Extract every record, keeping each one exactly as it is.

####

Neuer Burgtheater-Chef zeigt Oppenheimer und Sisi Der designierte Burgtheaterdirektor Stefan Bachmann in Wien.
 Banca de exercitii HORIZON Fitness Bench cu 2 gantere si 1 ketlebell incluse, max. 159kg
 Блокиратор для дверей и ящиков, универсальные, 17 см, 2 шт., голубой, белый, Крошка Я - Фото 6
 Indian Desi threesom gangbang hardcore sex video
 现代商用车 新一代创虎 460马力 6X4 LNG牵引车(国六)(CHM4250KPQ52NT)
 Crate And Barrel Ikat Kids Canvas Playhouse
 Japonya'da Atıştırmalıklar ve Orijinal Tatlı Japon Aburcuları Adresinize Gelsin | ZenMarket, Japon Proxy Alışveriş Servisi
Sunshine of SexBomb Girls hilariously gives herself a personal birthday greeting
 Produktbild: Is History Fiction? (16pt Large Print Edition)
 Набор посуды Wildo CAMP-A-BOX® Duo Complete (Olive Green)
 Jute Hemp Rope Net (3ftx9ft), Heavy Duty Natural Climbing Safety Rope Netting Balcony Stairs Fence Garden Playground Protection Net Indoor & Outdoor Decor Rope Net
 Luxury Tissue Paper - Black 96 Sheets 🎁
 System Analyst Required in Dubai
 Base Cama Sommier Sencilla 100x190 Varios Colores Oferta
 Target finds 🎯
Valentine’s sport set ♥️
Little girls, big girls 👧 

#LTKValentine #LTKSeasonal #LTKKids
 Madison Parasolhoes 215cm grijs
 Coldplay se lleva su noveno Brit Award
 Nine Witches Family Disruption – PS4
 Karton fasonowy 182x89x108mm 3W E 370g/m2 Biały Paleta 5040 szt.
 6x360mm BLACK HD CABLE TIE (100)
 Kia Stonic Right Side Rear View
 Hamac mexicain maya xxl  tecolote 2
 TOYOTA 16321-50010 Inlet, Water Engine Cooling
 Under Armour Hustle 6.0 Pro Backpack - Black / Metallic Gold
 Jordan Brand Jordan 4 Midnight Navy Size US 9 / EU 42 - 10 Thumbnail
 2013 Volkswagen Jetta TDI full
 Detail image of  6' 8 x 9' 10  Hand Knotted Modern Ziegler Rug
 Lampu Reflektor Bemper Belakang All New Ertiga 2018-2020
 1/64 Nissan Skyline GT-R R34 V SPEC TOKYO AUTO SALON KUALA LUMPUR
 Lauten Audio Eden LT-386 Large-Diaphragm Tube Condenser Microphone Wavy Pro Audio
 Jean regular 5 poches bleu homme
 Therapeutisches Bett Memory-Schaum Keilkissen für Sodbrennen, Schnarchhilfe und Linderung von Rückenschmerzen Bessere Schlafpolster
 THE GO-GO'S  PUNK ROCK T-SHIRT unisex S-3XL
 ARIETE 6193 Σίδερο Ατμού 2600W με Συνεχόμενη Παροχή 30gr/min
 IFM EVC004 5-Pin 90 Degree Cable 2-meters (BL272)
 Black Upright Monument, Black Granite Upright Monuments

####

• _COMPLETED TASK_
Neuer Burgtheater-Chef zeigt Oppenheimer und Sisi Der designierte Burgtheaterdirektor Stefan Bachmann in Wien.
 Banca de exercitii HORIZON Fitness Bench cu 2 gantere si 1 ketlebell incluse, max. 159kg
 Блокиратор для дверей и ящиков, универсальные, 17 см, 2 шт., голубой, белый, Крошка Я - Фото 6
 Indian Desi threesom gangbang hardcore sex video
 现代商用车 新一代创虎 460马力 6X4 LNG牵引车(国六)(CHM4250KPQ52NT)
 Crate And Barrel Ikat Kids Canvas Playhouse
 Japonya'da Atıştırmalıklar ve Orijinal Tatlı Japon Aburcuları Adresinize Gelsin | ZenMarket, Japon Proxy Alışveriş Servisi
Sunshine of SexBomb Girls hilariously gives herself a personal birthday greeting
 Produktbild: Is History Fiction? (16pt Large Print Edition)
 Набор посуды Wildo CAMP-A-BOX® Duo Complete (Olive Green)
 Jute Hemp Rope Net (3ftx9ft), Heavy Duty Natural Climbing Safety Rope Netting Balcony Stairs Fence Garden Playground Protection Net Indoor & Outdoor Decor Rope Net
 Luxury Tissue Paper - Black 96 Sheets 🎁
 System Analyst Required in Dubai
 Base Cama Sommier Sencilla 100x190 Varios Colores Oferta
 Target finds 🎯
Valentine’s sport set ♥️
Little girls, big girls 👧 

#LTKValentine #LTKSeasonal #LTKKids
 Madison Parasolhoes 215cm grijs
 Coldplay se lleva su noveno Brit Award
 Nine Witches Family Disruption – PS4
 Karton fasonowy 182x89x108mm 3W E 370g/m2 Biały Paleta 5040 szt.
 6x360mm BLACK HD CABLE TIE (100)
 Kia Stonic Right Side Rear View
 Hamac mexicain maya xxl  tecolote 2
 TOYOTA 16321-50010 Inlet, Water Engine Cooling
 Under Armour Hustle 6.0 Pro Backpack - Black / Metallic Gold
 Jordan Brand Jordan 4 Midnight Navy Size US 9 / EU 42 - 10 Thumbnail
 2013 Volkswagen Jetta TDI full
 Detail image of  6' 8 x 9' 10  Hand Knotted Modern Ziegler Rug
 Lampu Reflektor Bemper Belakang All New Ertiga 2018-2020
 1/64 Nissan Skyline GT-R R34 V SPEC TOKYO AUTO SALON KUALA LUMPUR
 Lauten Audio Eden LT-386 Large-Diaphragm Tube Condenser Microphone Wavy Pro Audio
 Jean regular 5 poches bleu homme
 Therapeutisches Bett Memory-Schaum Keilkissen für Sodbrennen, Schnarchhilfe und Linderung von Rückenschmerzen Bessere Schlafpolster
 THE GO-GO'S  PUNK ROCK T-SHIRT unisex S-3XL
 ARIETE 6193 Σίδερο Ατμού 2600W με Συνεχόμενη Παροχή 30gr/min
 IFM EVC004 5-Pin 90 Degree Cable 2-meters (BL272)
 Black Upright Monument, Black Granite Upright Monuments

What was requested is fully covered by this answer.